The Consumer Protection Act

[22] I turn now to the issue of whether the provisions of the CPA, more particularly section 14(2)(b) are applicable to the lease agreement.

[23] As its preamble informs, the CPA was enacted to inter alia promote a fair, accessible, and sustainable marketplace for consumer products and services, to prohibit certain unfair marketing and business practices and to promote responsible consumer behaviour.

[24] Section 2(1) of the CPA prescribes that it must be interpreted in a manner that gives effect to the purposes set out in section 3.

[25] Section 3 provides that:

(1) The purposes of this Act are to promote and advance the social and

economic welfare of consumers in South Africa by-

(a) establishing a legal framework for the achievement and maintenance of a consumer market that is fair, accessible, efficient, sustainable and responsible for the benefit of consumers generally;

(b) reducing and ameliorating any disadvantages experienced in accessing any supply of goods or services by consumers-

(i) who are low-income persons or persons comprising low-income communities;

(ii) who live in remote, isolated or low-density population areas or communities;

(iii) who are minors, seniors or other similarly vulnerable consumers; or

(iv) whose ability to read and comprehend any advertisement, agreement, mark, instruction, label, warning, notice or other visual representation is limited by reason of low literacy, vision impairment or limited fluency in the language in which the representation is produced, published or presented;

(c) promoting fair business practices;

(d) protecting consumers from-

(i) unconscionable, unfair, unreasonable, unjust or otherwise improper trade practices; and

(ii) deceptive, misleading, unfair or fraudulent conduct;

(e) improving consumer awareness and information and encouraging responsible and informed consumer choice and behaviour;

(f) promoting consumer confidence, empowerment, and the development of a culture of consumer responsibility, through individual and group education, vigilance, advocacy and activism;

(g) providing for a consistent, accessible and efficient system of consensual resolution of disputes arising from consumer transactions; and

(h) providing for an accessible, consistent, harmonised, effective and efficient system of redress for consumers.’

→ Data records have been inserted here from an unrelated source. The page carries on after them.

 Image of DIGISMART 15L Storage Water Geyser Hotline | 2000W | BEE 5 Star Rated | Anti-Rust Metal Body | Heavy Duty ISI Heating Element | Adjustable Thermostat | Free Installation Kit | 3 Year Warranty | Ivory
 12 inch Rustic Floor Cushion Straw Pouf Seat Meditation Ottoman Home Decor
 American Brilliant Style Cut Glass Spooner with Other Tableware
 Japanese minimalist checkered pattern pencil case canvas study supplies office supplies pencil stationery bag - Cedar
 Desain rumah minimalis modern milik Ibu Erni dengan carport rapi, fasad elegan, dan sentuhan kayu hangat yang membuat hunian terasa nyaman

[26] Section 4(3) provides that if any provision, read in its context, can reasonably be construed as having more than one meaning then the meaning which best promotes the spirit and purposes of the CPA and which will best improve the realization and enjoyment of consumer rights generally, and in particular by the persons contemplated in section 3(1)(b) is to be preferred.

[27] The CPA defines a ‘consumer’ as ‘in respect of any particular goods or services, means-

(a) a person to whom those particular goods or services are marketed in the ordinary course of the supplier’s business;

(b) a person who has entered into a transaction with a supplier in the ordinary course of the supplier's business, unless the transaction is exempt from the application of this Act by section 5 (2) or in terms of section 5 (3);

(c) ...

(d) ..

[28] A consumer agreement is defined as an agreement between a supplier and a consumer other than a franchise agreement and business is defined as the continual marketing of any goods or services. Supplier is defined as a person who markets any goods or services.

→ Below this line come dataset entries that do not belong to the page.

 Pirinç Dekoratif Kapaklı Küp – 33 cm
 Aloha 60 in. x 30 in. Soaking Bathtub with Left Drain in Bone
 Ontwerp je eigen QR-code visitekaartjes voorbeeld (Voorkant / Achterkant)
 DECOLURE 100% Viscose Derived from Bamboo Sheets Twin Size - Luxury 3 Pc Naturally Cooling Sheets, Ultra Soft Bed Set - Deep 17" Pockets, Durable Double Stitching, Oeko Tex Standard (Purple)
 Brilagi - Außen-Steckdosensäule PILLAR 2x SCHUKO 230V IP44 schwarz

[29] Supply when used as a verb is defined as ‘in relation to goods, includes sell, rent, exchange and hire in the ordinary course of business for consideration.'4

[30] Business is defined as the continual marketing of any goods or services.

[31] It is clear from section 3 that the CPA is aimed at, inter alia, promoting fair business practices, protecting consumers against unconscionable, unfair, unreasonable, unjust, and improper business practices, and establishing a legal framework to achieve and maintain a fair consumer market which is efficient, sustainable, and accessible.

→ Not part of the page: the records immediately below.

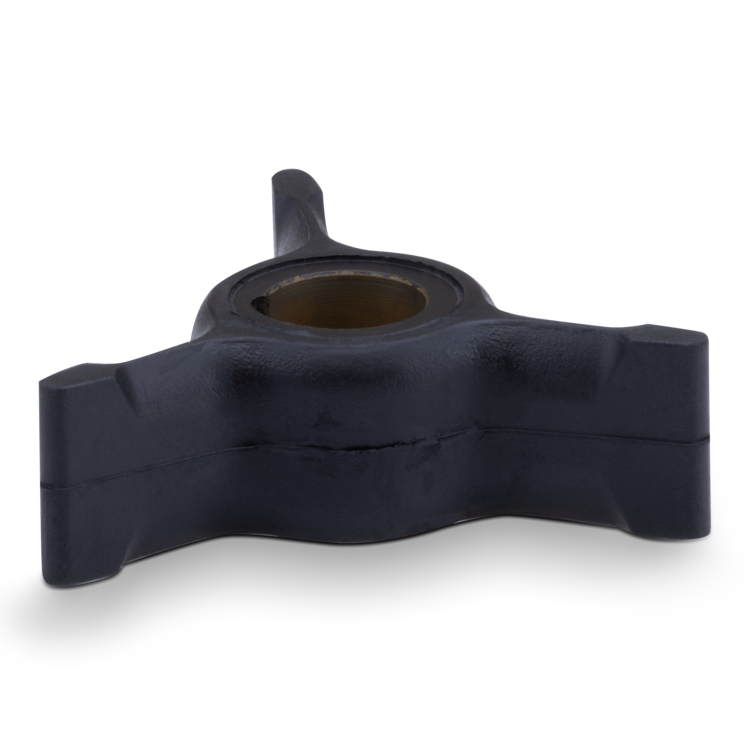 Black rubber Sierra marine impeller on a white background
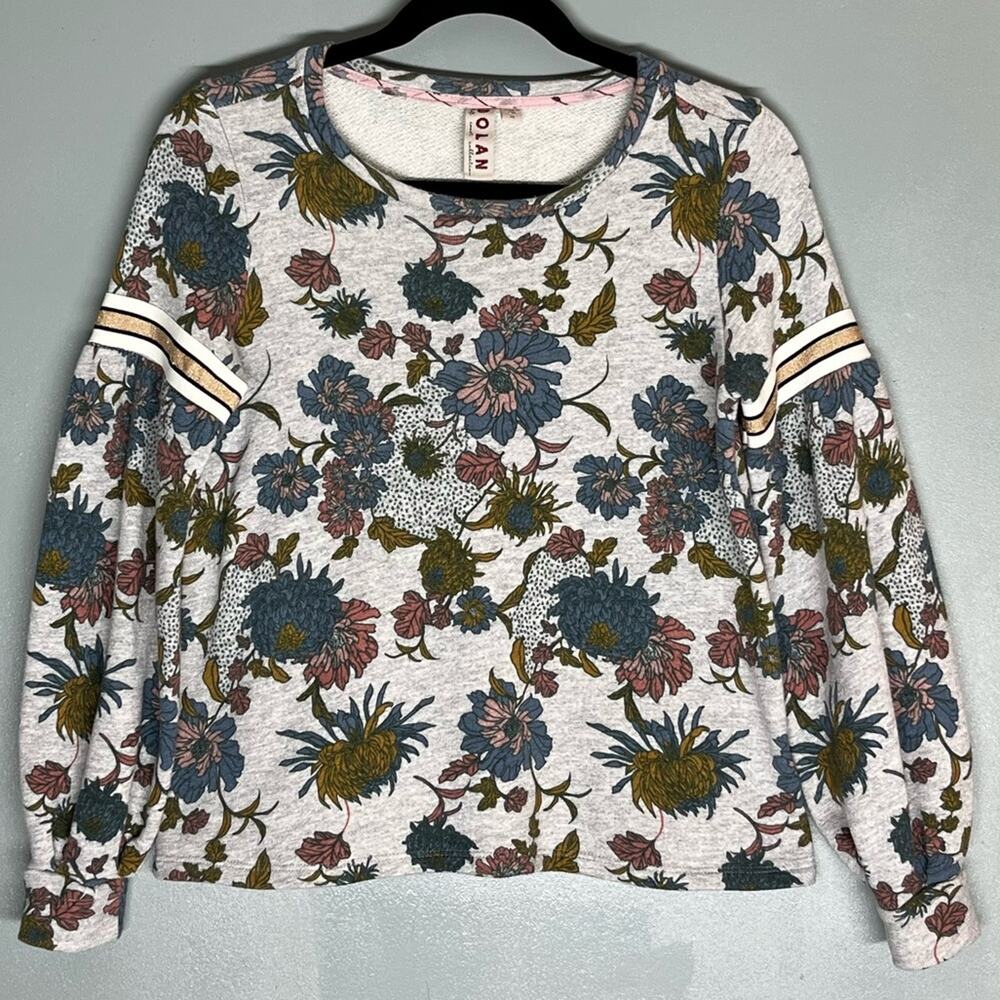 Anthropologie Dolan Floral Bubble Sleeve Sweatshirt Pull Over Gray Women’s XS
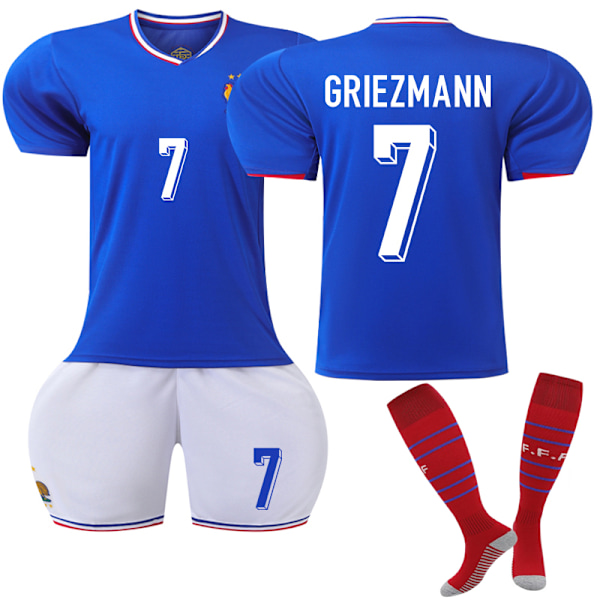 2024 Frankrike hjemmefotball barntröja nr 7 Griezmann 18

[32] The CPA has to be interpreted purposively, with the focus on the broad policy, purpose and spirit of the Act. Any interpretation of the CPA must give effect to the objectives it strives to achieve. As seem from the preamble and section 3, the CPA seeks to prescribe certain standards and norms to promote the fair and responsible treatment of consumers in their business dealings in the marketplace. It does not seek to destroy, distort or hamper sound business practices. Furthermore:

The promotion of fairness does not require that consumers be protected to the extreme, or that consumers be given the right in all instances to escape from the consequences of their business transactions simply because they changed their minds. The Act seeks to protect consumers against exploitation, unfair treatment an unscrupulous business practices, not to empower consumers to act deceitfully or to exploit suppliers. ... A balance must be struck between the legitimate expectations of consumers on the one hand, and that of suppliers on the other. What is required is a sensible interpretation of the Act, not an interpretation skewed towards consumers without properly evaluating the notion of fairness.’5

[33] Delport argues that:

... section 14 is not directed at fixed-term agreements where the period of the agreement is open for negotiation between the parties and the consumer enjoys the freedom to determine the duration to suit his needs. The section is aimed at fixed-term agreements offered to consumers on a take -it – or – leave -it basis, where the supplier unilaterally determines the period and customers have no choice but to accept the fixed term offered to them. This is typically the case on health-club contracts and mobile-telephone agreements. It is fair in these situations to allow the consumer to cancel the agreement early, subject to the payment of a reasonable penalty, since the consumer is from the outset locked into the fixed-term dictated by the supplier, without having any bargaining power. This would explain why the fixed-term agreements are limited to two years and why the onus is on the supplier to show a “demonstrable financial benefit" to the consumer if the term is to exceed two years. However, bringing lease agreements and sole mandates under section 14 would not in any way promote the purposes of the Act but would in certain circumstances actually prejudice the consumer.’6

[34] On the facts of this case, it cannot be said that the bargaining power was skewed in favour of the applicants or that the respondent was forced to agree to the fixed term on a take-it-or-leave-it basis. The undisputed facts show that it was the respondent who requested the lease renewal for a period of 3 years and that he was at all material times informed that the applicants intended to sell the property.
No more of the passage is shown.